Distribution of healthcare expenditure growths in the Gulf Cooperation Council between 2010 and 2017, by country, 2022.

Previously researchers have tried to explore the environmental factors creating issues for public health (1–3, 5–7) and some practical solutions are also advised based on research (8–11) suggest that forests can play a significant role in improving public health. They assert that harmful gasses from the atmosphere are captured through trees, and also, forests can cool down the environment by attracting more rains. Also, Shuai et al. (12) found that technology and income level can play a vital role in enhancing public health by reducing carbon emissions. Sarwar et al. (13) and Sarwar et al. (14) have reported the nexus between economy, environment and public health.

Although researchers provide some solutions to improve public health, declining public health and increasing health expenditure are still present in GCC countries. The current study is an effort to check the determinants of public health so that important policy implications can be advised based on results. In this regard, there are four major contributions to this study; firstly, it is examining the impact of sustainable economic growth on public health in the GCC context. Economic growth can improve or decline public health through high-income levels and environmental degradation by the combustion of fossil fuels (15–18). The economies of GCC countries are dependent on the oil sector, and the abundance of oil resources makes it a major source of energy. This makes these economies grow through oil exports, as well to use non-renewable energy for public need which is responsible for higher emission in GCC countries. Resultantly, the public health degrades due to the high emission of greenhouse gasses. It has been proved that an excessive amount of carbon in the atmosphere destabilizes the environment, which adversely affects human health and increases hospitalization and deaths (19–22). Previously, few studied attempted to examine the nexus, however, as far our limited knowledge, the study is the pioneer which empirically investigated this nexus using GCC data.
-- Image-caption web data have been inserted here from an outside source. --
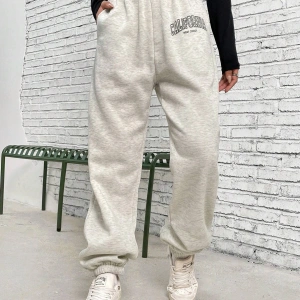 Letter Graphic Elastic Waist 4 Mevsim Eşofman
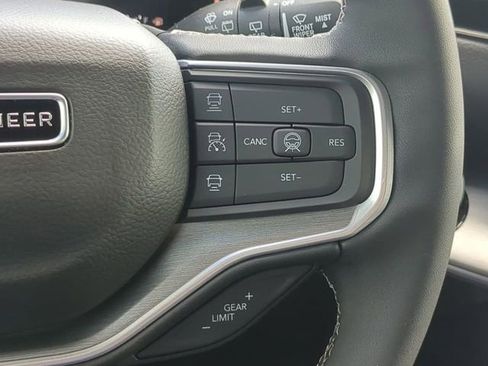 New 2026 Jeep Grand Wagoneer 2WD image 33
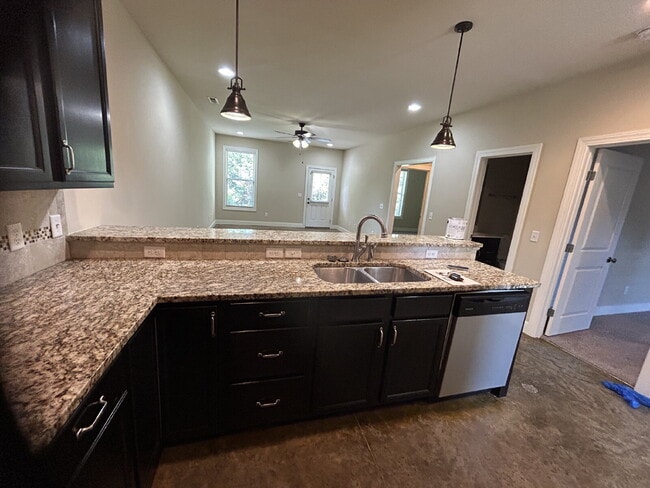Building Photo - 2BD 2BA GROUND LEVEL DUPLEX WITH GARAGE FO...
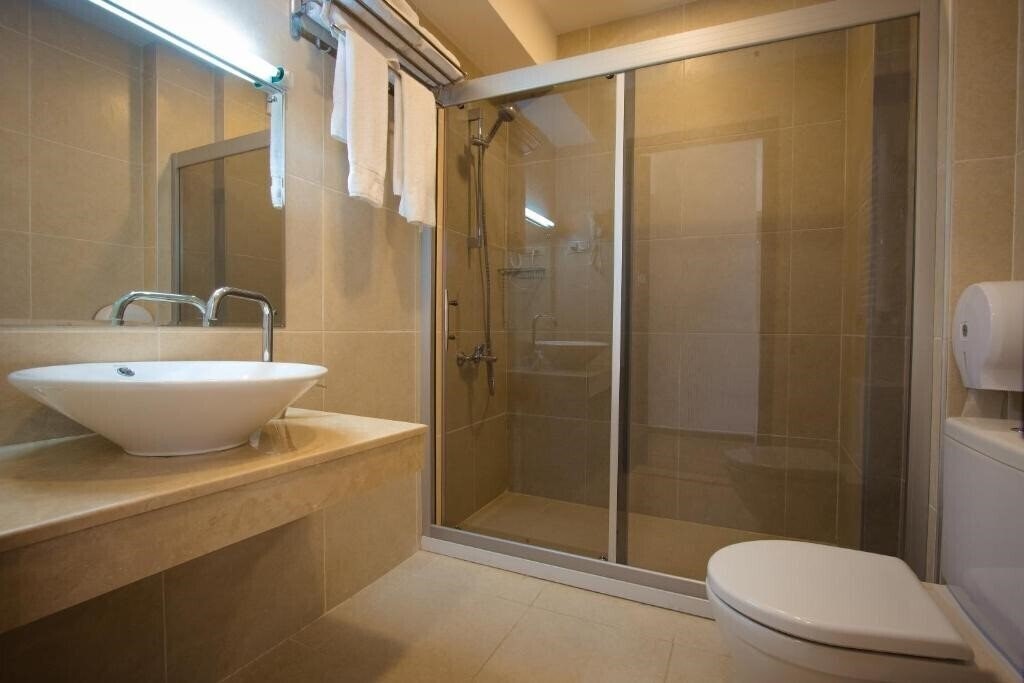 Фотографія Bm Plaza 4*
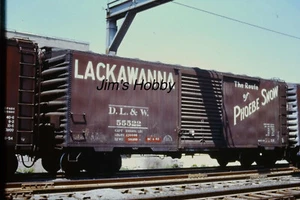 Photo Slide:  D.L.&W Lackawanna Boxcar - Road  #55522 "The Route of Phoebe Snow" - Picture 1 of 1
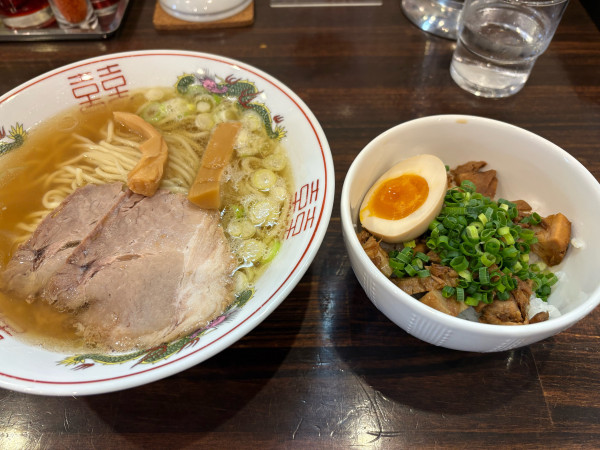 「中華そば490円、ルーロー飯350円」@活龍大衆麺処 真壁屋 土浦駅西口店の写真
The second contribution is exploring the association between environmental temperature and public health in GCC countries. It is a fact that these countries have hot climates compared to the rest of the world. But researchers argue that extreme weather, either hot or cold is dangerous for health (2, 6, 23). Extremely hot temperature results in multiple health issues, including skin diseases (2, 6, 23). However, it is still unknown how extreme temperature in GCC countries affects the public health. The current study takes the initiative and uses data from GCC countries to investigate the impact of temperature on public health.

The third contribution is filling the research gap in terms of the effect of environmental innovation on the public health of GCC countries. Although some researchers checked the significance of environmental technology on human health (24, 25), empirical studies lack in terms of GCC countries. To fill this gap, the study uses data from GCC countries and explores this relationship. Technical advancements in the environment can enhance health by reducing carbon emissions (26) and effectively managing environment-related data (25). GCC countries can also benefit from environmental technology in the reduction of health expenditure and enhancement in public health. However, empirical results are needed to put forward policy implications, and the current study is a forerunner in this sense.

Hence, based on the discussion above current study has four major objectives. First, to check the impact of economic growth on public health in GCC countries. Second to check the association between carbon emission and public health. Third to check the nexus between temperature and public health. The last objective is to investigate the importance of environment-related technology for public health in the GCC context.

Literature Review

Economic Growth and Public Health

Economic growth and the public go hand in hand. When the economy grows, it improves public health by providing better health facilities and high income to get healthy and nutritious food. Researchers try to explore this nexus, and in this regard Erdogan et al. (27) used data from 25 OECD countries from 1970 to 2007. Their analysis proved that economic growth and public health in terms of mortality rates are significantly and negatively related. Hence, they concluded that the mortality rate reduces when countries get rich and powerful.

Similarly, Lu et al. (28) used Chinese data from 2002 to 2014 to know if economic growth in China affects its population's health by reducing the mortality rate. This study shows that although China's economy is grown significantly, it is reducing the mortality rate in the country. In the same line, Pakistani data is explored by Wang et al. (22), who used data from 1995 to 2017 to investigate if the economic growth of Pakistan is beneficial for public health in a country. Using the ARDL approach, they found that economic growth enhances health expenditure. Hence, overall public health enhances ultimately. A recent study by Niu et al. (17) also found that the economic growth of China has a significant threshold effect on public health in China. They assert that improvement in public health is seen after the threshold.

Carbon Emission and Public Health

Public health is also severely affected due to adverse environments, and high carbon emission is the major factor. Dong et al. (29) used provincial data from China from 2002 to 2017 to check if carbon emission affects public health. Their analysis proved that the long-term health impacts of carbon emissions are negative and that a major percentage of patients increases due to a 1% increase in carbon emissions. Another study by Wu et al. (30) used city-level data to explore the impact of carbon peaking on health outcomes. They found that reducing carbon emission is essential to improve public health. The high amount of carbon in the atmosphere increases public health expenditure due to higher health issues. Bi and Hansen (31) conducted research in Australia and found that health issues and health expenditures significantly increased because carbon emissions are increasing in the country. In the same line, Wang et al. (22) used Pakistani data from 1995 to 2017 and applied ARDL to check the association. Their results prove that public health is negatively affected due to the increased concentration of carbon in the atmosphere of Pakistan. Niu et al. (17) used quantile regression to check the nexus between carbon emission and public health in the Chinese context. They also assert that due to rapid economic growth and a high amount of fossil fuel consumption, the health of the population is severely affected due to carbon emission. Similarly, Chen et al. (32), Liu and Guo (33) and Zhao et al. (34) also addressed the relationship between carbon emission and public health.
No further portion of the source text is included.